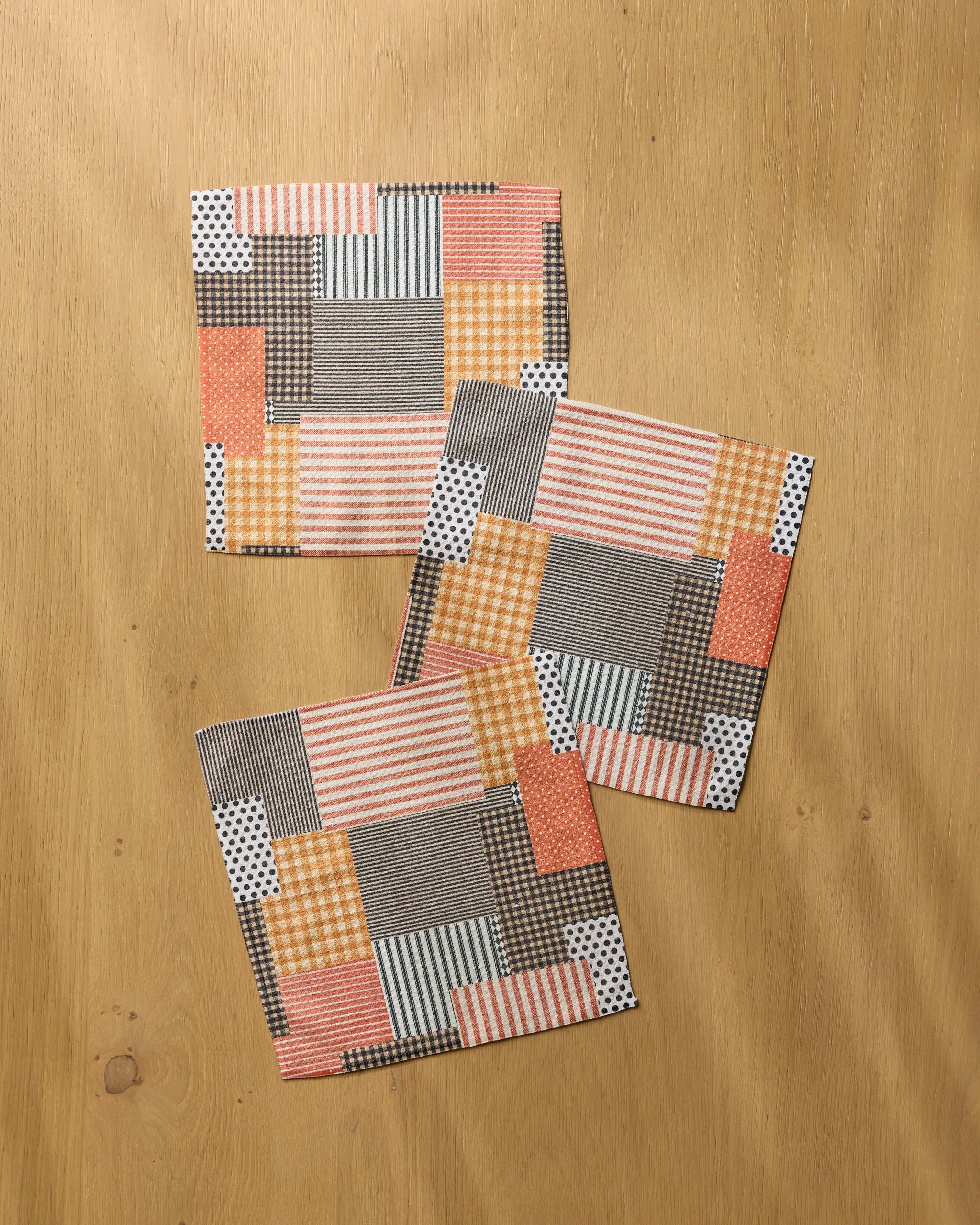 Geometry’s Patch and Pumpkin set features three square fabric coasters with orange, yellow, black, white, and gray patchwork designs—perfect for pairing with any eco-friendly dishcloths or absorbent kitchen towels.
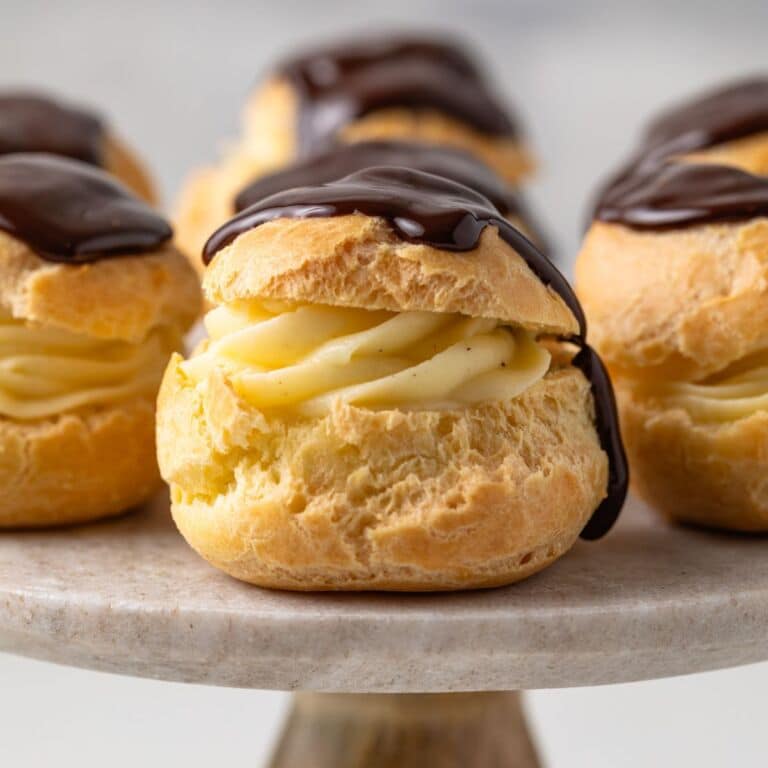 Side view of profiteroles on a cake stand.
# # # #
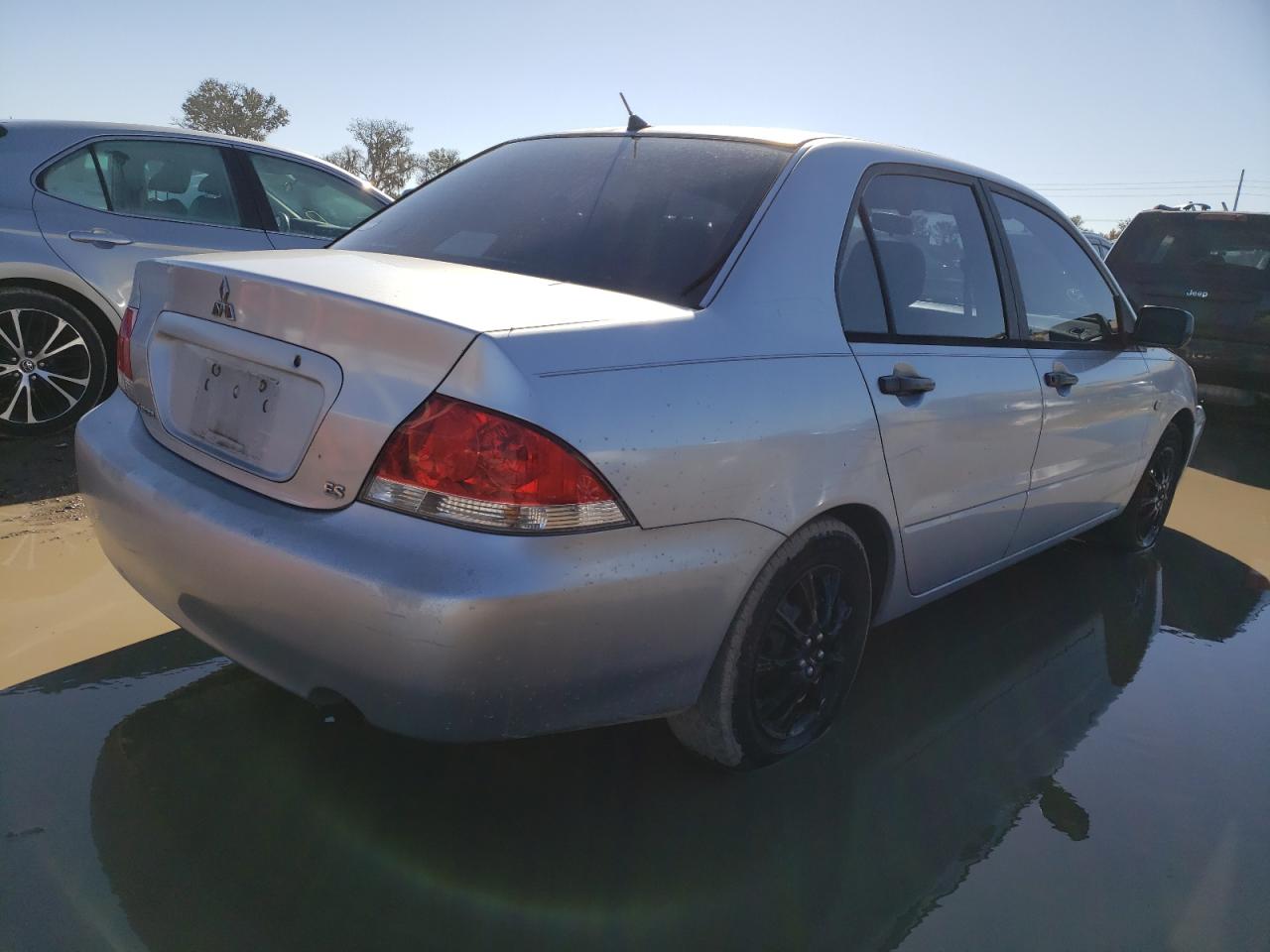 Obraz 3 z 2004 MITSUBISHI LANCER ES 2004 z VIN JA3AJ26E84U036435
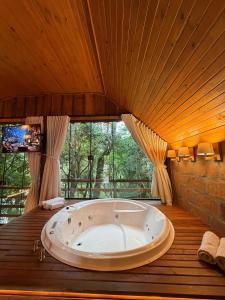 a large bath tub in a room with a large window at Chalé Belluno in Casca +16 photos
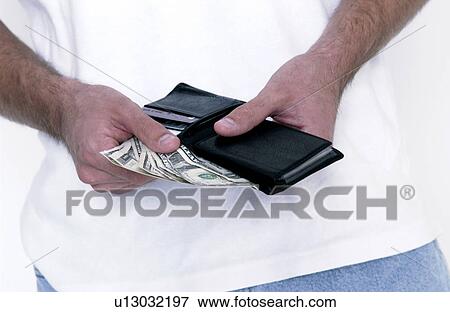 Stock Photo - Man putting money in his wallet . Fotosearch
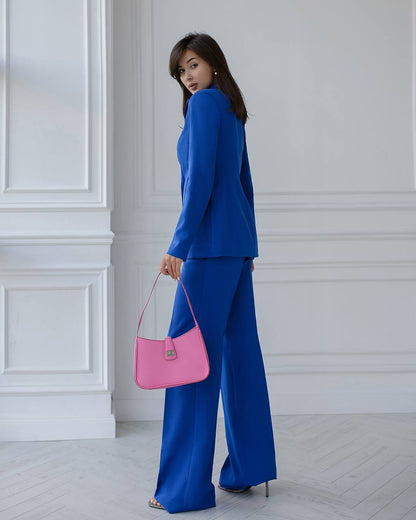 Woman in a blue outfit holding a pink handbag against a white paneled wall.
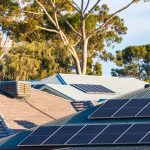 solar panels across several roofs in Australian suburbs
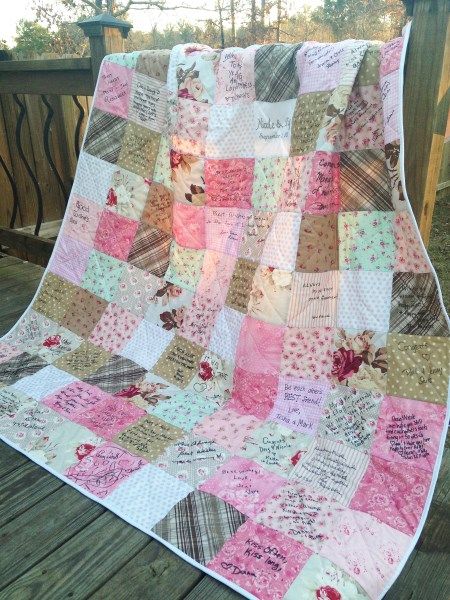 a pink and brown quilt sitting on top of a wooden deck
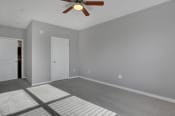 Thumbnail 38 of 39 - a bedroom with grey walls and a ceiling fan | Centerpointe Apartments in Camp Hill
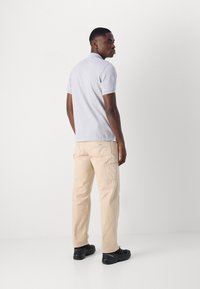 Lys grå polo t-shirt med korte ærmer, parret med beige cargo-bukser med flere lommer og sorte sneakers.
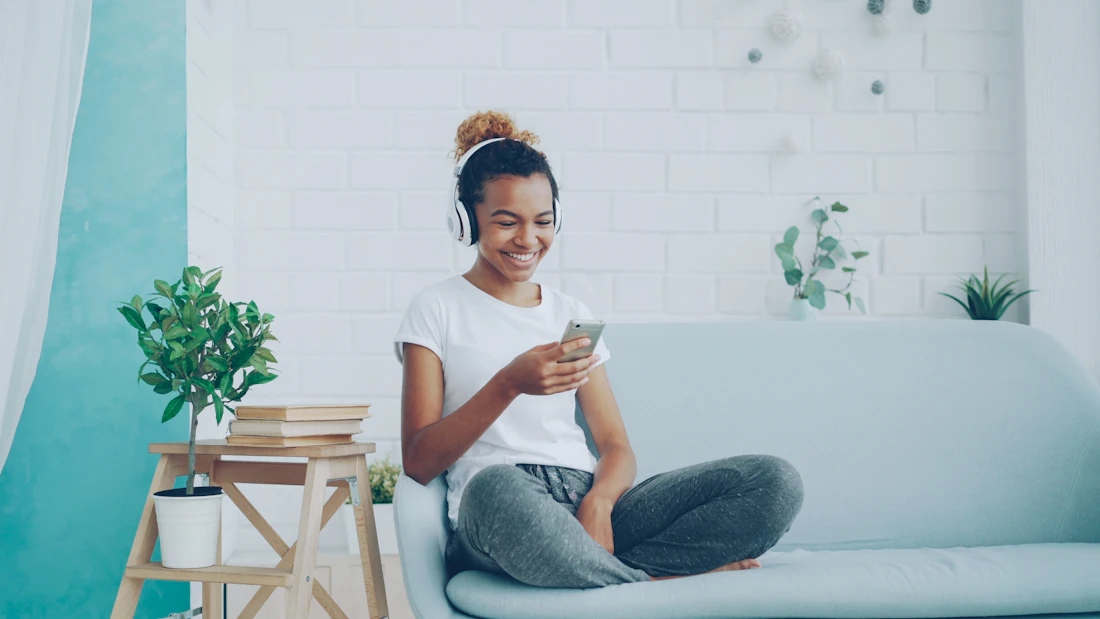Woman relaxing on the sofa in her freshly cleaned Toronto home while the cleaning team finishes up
# # # #
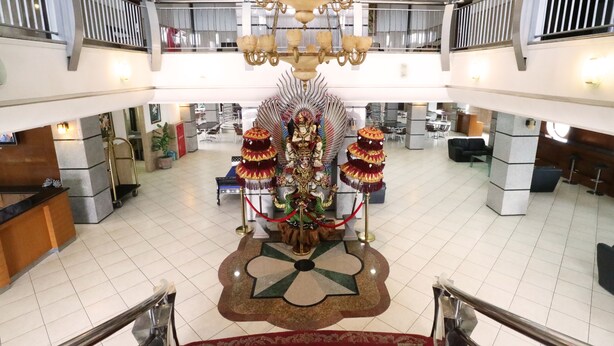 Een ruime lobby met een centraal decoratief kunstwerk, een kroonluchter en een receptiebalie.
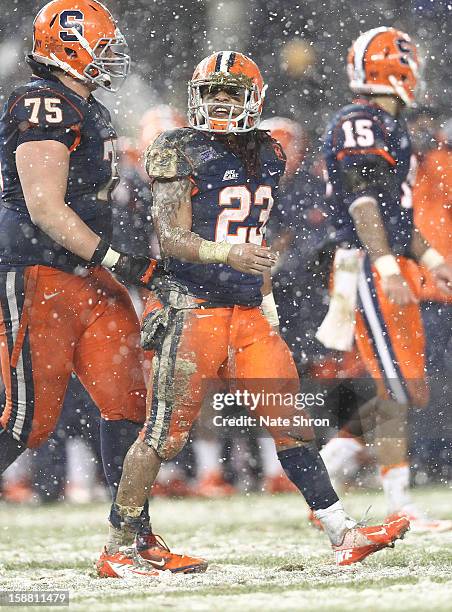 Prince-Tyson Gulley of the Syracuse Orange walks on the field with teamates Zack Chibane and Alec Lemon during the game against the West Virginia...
# # # #
Only one part of the material above is wanted: the lines from the one with "Thumbnail 38 of" up to and including the one with "Woman relaxing on". Please copy them exactly, pictures left out.

» THE COMPLETED TASK
 Thumbnail 38 of 39 - a bedroom with grey walls and a ceiling fan | Centerpointe Apartments in Camp Hill
 Lys grå polo t-shirt med korte ærmer, parret med beige cargo-bukser med flere lommer og sorte sneakers.
Woman relaxing on the sofa in her freshly cleaned Toronto home while the cleaning team finishes up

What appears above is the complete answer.